[DATA EXTRACT — start]

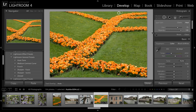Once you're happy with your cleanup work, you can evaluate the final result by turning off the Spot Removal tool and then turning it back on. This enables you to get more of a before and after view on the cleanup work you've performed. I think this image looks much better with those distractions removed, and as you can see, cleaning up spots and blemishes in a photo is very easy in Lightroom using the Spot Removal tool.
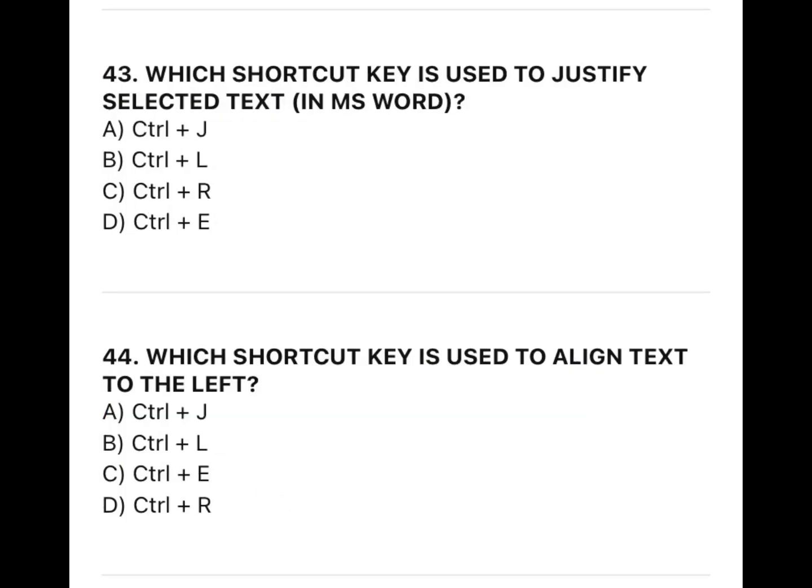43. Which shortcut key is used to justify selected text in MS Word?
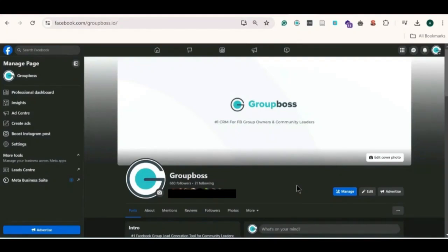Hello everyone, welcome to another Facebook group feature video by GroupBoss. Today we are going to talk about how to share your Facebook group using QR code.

[DATA EXTRACT — finish]

WHAT IS NEEDED → Repeat every line above exactly, but omit all images.

RESPONSE →
Once you're happy with your cleanup work, you can evaluate the final result by turning off the Spot Removal tool and then turning it back on. This enables you to get more of a before and after view on the cleanup work you've performed. I think this image looks much better with those distractions removed, and as you can see, cleaning up spots and blemishes in a photo is very easy in Lightroom using the Spot Removal tool.
43. Which shortcut key is used to justify selected text in MS Word?
Hello everyone, welcome to another Facebook group feature video by GroupBoss. Today we are going to talk about how to share your Facebook group using QR code.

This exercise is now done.